--- Comment #21 from rsandifo at gcc dot gnu.org <rsandifo at gcc dot gnu.org>
Created attachment 43646
Patch to reduce spills for Armv7
(In reply to rsand...@gcc.gnu.org from comment #20)
> (In reply to Wilco from comment #12)
> > There are 2 separate issues in the ARMv7 case. One is scheduling, the -S
> > output goes down from 437 lines to 305 lines with -fno-schedule-insns (stack
> > size 276 rather than 448 bytes). So basically the "register pressure aware"
> > scheduler introduces lots of unnecessary spills.
> This is kind-of expected in general, though almost certainly wrong in this
> case. The default "weighted" algorithm tended to overemphasise decreasing
> spills (at the cost of decreasing ILP) and slowed down some important
> benchmarks for which some spilling was better. The "model" algorithm was
> supposed to be a compromise.
> I'll have a look to see whether there's an easy way of handling this case
> better without regressing others. (I'm not assigning myself since it's
> unrelated to the x86 problem.)
SCHED_PRESSURE_MODEL first tries to create a "model" schedule
that keeps register down as far as possible and then uses that
to guide the "real" schedule. It looks like the model schedule
goes catastrophically wrong in this case though: the original
order had a VFP_REGS pressure of 56 (against a capacity of 64)

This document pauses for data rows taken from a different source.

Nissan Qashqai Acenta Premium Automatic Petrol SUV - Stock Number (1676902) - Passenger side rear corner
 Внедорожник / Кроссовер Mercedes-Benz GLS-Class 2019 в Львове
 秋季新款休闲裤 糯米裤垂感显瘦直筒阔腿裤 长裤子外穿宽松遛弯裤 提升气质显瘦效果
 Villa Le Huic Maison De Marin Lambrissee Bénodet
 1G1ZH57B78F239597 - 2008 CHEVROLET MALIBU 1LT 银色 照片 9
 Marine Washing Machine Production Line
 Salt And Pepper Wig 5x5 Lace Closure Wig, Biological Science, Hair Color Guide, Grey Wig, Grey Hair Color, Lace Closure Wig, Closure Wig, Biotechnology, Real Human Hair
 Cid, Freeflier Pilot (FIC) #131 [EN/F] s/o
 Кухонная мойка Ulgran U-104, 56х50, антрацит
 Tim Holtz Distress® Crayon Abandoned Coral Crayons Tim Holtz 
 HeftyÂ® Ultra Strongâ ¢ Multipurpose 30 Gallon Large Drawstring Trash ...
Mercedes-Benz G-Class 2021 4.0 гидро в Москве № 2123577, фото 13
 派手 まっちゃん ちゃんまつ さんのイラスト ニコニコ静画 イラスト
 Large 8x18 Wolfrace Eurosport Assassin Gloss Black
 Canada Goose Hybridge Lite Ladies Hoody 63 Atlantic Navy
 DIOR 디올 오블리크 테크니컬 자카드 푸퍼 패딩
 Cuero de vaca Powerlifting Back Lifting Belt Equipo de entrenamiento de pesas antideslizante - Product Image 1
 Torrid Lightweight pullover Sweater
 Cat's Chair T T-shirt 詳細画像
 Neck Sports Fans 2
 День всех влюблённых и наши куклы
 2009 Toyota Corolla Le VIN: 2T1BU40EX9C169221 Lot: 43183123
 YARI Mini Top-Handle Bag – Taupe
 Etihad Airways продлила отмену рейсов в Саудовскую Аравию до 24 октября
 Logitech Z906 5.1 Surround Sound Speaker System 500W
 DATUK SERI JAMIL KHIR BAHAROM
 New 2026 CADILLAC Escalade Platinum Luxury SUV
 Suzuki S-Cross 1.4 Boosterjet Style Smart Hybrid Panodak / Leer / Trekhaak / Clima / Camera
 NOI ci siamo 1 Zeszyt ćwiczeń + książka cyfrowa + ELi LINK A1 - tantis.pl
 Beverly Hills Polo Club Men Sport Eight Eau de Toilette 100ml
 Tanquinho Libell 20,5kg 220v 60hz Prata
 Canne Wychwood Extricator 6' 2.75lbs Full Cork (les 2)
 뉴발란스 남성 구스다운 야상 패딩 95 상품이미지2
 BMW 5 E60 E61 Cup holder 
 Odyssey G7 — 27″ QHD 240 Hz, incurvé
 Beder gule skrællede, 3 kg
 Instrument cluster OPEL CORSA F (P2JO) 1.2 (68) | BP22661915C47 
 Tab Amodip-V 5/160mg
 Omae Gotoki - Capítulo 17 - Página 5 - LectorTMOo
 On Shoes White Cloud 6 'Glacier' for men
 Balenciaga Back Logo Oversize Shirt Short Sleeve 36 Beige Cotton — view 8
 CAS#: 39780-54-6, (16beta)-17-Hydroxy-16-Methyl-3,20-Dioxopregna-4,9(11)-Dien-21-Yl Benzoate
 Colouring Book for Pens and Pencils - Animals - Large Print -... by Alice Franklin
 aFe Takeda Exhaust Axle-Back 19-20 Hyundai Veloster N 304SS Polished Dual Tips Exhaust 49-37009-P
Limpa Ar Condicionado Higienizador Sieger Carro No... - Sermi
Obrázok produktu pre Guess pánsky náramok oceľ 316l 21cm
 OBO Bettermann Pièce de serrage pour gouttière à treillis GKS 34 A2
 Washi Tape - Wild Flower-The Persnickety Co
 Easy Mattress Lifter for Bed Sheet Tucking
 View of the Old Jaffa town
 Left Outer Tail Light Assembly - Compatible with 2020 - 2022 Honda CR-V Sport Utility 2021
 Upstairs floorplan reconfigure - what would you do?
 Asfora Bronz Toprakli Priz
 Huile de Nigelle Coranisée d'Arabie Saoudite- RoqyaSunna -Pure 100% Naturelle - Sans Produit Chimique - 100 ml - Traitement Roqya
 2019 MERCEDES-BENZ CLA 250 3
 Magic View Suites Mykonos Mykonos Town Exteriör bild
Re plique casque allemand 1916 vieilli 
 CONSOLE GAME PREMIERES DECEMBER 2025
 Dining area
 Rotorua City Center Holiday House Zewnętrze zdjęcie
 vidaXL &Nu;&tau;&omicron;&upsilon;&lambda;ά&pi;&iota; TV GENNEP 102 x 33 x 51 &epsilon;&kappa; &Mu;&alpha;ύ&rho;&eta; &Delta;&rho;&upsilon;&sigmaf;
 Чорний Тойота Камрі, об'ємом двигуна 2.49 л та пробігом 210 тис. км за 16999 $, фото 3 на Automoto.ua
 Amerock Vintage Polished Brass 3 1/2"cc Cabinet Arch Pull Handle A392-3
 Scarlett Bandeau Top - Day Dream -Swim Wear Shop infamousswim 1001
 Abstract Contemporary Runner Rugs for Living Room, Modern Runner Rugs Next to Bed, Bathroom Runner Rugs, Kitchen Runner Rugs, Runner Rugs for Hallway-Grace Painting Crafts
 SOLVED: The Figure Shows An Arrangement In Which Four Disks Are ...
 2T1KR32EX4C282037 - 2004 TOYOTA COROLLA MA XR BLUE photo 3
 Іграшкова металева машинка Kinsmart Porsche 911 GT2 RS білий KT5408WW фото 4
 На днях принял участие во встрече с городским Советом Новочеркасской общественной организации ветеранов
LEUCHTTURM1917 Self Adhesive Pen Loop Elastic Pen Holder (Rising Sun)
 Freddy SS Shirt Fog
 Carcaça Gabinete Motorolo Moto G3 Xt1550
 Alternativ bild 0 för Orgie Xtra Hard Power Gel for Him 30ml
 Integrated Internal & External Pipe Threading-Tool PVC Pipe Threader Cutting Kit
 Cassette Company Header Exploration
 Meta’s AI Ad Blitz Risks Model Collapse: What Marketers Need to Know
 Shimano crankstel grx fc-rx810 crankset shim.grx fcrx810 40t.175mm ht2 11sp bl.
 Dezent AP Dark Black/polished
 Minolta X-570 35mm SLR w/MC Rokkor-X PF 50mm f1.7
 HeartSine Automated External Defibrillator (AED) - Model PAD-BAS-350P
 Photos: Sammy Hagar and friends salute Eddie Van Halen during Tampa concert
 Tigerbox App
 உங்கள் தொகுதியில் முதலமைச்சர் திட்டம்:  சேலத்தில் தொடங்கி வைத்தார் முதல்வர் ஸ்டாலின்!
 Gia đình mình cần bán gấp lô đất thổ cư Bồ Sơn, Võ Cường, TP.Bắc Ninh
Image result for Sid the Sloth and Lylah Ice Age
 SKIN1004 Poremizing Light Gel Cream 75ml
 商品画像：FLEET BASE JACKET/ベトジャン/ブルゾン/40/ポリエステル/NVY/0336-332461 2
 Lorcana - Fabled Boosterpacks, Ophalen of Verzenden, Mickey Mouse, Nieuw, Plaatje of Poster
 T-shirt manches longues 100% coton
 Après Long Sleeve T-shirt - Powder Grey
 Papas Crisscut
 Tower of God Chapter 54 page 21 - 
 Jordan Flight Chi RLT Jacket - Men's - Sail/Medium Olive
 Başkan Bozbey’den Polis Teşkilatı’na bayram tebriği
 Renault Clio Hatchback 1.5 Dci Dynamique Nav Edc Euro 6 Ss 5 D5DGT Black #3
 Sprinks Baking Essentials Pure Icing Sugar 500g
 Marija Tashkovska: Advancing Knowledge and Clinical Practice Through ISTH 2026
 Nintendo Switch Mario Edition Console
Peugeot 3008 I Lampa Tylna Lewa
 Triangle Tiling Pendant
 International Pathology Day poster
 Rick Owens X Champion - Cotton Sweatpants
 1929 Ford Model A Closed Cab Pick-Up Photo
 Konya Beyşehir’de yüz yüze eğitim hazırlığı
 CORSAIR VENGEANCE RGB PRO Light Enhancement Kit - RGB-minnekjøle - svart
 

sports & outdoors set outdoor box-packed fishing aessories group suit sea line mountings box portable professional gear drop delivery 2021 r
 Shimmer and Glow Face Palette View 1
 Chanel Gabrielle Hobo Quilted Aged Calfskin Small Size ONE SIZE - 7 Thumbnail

while the model schedule had a pressure of 76(!).
I think the problem is that the algorithm was tuned on load/store
style loops, where it was beneficial to keep the model schedule
narrow and try to reach the eventual store (so killing off a
whole chain). It doesn't cope well with so many accumulators,
where completing the chain never leads to a reduction in pressure.
The attached patch is a proof of concept that tries to handle
this kind of situation better. The model schedule now gives
a VFP_REGS pressure of 52 instead of 76, which is 4 below the
unscheduled code. I'll try to give it more wider testing when
I have time.
Although the patch removes some of the spills, the scheduler
still thinks that it's better to keep others. And in that
sense it's working as intended, since as far as GCC's view
of the pipeline is concerned, the spills give faster code.
This can be seen by grepping for "total time" in the sched2
dumps, which include the effect of all the spill code.
The times for the inner loop in this test are:
307 cycles for the unpatched compiler (most spills)
355 cycles for the patched compiler (some spills)
398 cycles with -fno-schedule-insns (no spills)
These were all with "-mcpu=cortex-a15 -O2" but the
results are similar with other -mcpu options.
So on GCC's own terms, using its model of the CPU,
the current mega-spill code seems like a 25% win over
the spill-free code. That's probably not true in practice,
but the scheduler can only work within the description